The Centers for Disease Control and Prevention on Friday revised down its estimates of how much of the XBB.1.5 omicron subvariant is circulating in the United States, even though it is still spreading at a faster rate than other versions of Covid-19.
XBB.1.5 accounted for 27.6% of sequenced Covid cases nationwide in the week ending January 7, in comparison with 18.3% on the weekend of December 31. The CDC previously reported that XBB.1.5 accounted for about 41% of the sequenced cases in the week ending December 31, more than any other variant.
Although the agency has revised its estimate downwards, XBB.1.5 stays the only omicron sub-variant currently showing significant growth in the United States. Second only to omicron BQ.1.1, which now accounts for 34% of sequenced Covid cases in the U.S.
XBB.1.5 accounts for more than 70% of the sequenced cases in the Northeastern United States, which frequently leads the remainder of the country.

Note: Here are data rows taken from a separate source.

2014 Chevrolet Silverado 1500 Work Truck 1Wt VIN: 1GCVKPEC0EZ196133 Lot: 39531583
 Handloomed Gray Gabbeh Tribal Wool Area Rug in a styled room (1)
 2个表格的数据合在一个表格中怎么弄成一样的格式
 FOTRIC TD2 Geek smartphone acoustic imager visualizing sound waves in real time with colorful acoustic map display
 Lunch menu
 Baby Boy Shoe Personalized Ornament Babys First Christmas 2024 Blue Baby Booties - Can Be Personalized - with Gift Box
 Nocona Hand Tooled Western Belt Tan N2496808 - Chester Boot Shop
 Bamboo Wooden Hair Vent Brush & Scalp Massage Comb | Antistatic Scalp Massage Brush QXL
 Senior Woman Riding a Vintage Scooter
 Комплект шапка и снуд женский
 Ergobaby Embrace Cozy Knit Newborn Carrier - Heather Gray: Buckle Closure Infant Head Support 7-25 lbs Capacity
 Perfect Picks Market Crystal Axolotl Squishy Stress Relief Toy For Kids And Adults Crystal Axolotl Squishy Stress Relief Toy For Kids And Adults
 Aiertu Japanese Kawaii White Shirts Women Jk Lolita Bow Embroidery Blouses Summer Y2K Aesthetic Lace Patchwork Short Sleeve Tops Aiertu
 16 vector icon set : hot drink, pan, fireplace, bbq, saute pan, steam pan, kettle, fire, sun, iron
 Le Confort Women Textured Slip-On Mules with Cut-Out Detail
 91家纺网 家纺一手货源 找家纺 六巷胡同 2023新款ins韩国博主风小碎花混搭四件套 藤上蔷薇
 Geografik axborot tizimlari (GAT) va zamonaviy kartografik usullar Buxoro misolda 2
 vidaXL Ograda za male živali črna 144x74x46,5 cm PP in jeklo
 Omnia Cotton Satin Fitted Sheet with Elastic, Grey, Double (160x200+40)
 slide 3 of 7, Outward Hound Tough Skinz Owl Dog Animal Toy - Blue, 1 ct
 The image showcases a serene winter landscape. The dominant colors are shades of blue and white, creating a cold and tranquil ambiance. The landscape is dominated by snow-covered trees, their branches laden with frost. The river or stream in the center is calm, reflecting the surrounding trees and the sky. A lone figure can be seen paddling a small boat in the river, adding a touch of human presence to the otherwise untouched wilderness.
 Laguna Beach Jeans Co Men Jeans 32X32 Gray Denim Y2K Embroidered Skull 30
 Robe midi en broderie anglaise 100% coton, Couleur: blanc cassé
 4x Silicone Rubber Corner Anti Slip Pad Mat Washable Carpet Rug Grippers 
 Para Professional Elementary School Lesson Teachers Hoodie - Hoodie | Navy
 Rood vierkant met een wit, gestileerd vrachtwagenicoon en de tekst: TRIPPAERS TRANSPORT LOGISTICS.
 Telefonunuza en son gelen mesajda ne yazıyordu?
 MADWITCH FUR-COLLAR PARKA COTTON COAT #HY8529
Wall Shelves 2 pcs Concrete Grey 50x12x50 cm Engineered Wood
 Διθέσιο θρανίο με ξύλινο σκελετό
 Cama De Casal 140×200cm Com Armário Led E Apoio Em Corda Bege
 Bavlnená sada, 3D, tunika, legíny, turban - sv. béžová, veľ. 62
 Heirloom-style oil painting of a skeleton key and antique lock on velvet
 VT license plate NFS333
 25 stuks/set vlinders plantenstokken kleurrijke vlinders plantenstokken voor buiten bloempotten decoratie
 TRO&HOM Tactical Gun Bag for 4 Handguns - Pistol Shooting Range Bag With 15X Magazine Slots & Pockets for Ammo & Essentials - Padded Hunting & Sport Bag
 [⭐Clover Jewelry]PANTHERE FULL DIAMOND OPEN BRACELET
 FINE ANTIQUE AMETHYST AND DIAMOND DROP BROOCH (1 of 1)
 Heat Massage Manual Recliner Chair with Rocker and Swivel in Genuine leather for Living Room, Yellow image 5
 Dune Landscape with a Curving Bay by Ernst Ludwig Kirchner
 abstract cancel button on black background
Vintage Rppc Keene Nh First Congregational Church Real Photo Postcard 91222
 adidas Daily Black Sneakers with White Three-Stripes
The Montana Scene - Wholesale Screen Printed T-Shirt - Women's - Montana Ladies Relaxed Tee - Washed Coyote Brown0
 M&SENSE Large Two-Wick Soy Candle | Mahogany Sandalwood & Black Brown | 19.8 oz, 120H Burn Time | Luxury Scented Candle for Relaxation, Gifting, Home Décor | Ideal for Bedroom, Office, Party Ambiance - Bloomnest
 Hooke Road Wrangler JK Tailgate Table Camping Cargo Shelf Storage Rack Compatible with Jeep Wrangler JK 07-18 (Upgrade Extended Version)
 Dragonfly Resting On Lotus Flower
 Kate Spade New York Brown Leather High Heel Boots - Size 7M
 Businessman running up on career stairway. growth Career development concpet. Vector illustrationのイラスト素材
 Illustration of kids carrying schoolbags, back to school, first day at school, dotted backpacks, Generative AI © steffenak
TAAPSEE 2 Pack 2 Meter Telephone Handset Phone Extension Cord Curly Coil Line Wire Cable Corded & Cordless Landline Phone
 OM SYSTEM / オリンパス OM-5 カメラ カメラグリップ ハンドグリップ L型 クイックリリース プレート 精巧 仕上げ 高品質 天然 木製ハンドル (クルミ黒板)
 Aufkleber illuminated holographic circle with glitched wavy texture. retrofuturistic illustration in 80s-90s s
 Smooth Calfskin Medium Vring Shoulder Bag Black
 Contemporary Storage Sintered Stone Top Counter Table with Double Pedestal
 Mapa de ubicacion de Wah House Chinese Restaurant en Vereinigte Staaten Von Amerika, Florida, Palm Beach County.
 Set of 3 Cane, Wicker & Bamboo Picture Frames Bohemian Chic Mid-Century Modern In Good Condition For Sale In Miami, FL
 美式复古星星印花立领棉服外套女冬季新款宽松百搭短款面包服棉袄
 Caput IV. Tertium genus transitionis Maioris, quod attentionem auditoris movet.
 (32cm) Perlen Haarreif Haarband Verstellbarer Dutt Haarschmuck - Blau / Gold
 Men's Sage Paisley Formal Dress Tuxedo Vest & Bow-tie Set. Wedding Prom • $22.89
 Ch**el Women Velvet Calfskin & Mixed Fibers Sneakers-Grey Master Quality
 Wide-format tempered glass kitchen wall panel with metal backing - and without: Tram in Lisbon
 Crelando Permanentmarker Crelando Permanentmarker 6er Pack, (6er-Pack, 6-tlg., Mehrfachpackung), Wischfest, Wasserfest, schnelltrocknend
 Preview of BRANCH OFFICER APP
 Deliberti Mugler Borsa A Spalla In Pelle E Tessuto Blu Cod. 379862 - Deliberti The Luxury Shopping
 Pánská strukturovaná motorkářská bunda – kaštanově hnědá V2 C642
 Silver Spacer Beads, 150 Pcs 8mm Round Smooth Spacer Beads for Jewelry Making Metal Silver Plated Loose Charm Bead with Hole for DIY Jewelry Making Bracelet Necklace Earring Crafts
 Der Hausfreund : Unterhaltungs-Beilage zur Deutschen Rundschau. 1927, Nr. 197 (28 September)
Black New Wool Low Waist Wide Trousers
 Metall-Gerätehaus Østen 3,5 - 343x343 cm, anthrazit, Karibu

People walk past a COVID-19 testing site in Recent York, United States, December 7, 2022.
Michael Nagle | Xinhua News Agency | Getty’s paintings
The World Health Organization has identified XBB.1.5 as the most infectious version of Covid. Researchers say XBB.1.5 has a mutation that makes it bind higher to human cells, which could make it higher at infecting people than other variants.
Dr. Ashish Jha, who heads the White House Covid Task Force, said in a series of Twitter posts on Wednesday that the XBB.1.5 subvariant is likely more immune to avoidance and may additionally be inherently more contagious since it binds more closely to human cells.
Jha said it’s unclear if XBB.1.5 is more dangerous than previous variants. But Dr. Robert Califf, who heads the Food and Drug Administration, noted in a series of Twitter posts on Wednesday that, for now, the variety of cases is increasing with no evidence of increased disease severity.
Jha warned that folks who last had a Covid vaccine before September, or who had an infection before July, are unlikely to have strong protection against XBB.1.5. Seniors who usually are not up-to-date on their injections are at increased risk of significant illness, Jha said.
U.S. health officials should soon have more data on how much protection the omicron boosters provide against XBB.1.5, Jha said. Califf said the boosters should offer some protection against the sub-variant based on research that checked out other sub-variants in the same family, XBB and XBB.1.
“It is highly likely that current bivalent vaccines provide some protection against XBB, especially in stopping serious illness and death,” Califf tweeted.
Nevertheless, scientists at Columbia University in a recent study noted that variants in the XBB family pose a serious threat to omicron amplifiers.
Weekly Covid cases have increased by about 16% to 470,699 over the past week, in response to CDC data. In keeping with the data, the average every day variety of hospital admissions has increased by 16% to over 6,500 in the last week. Weekly deaths also rose 8% over the previous week to over 2,700.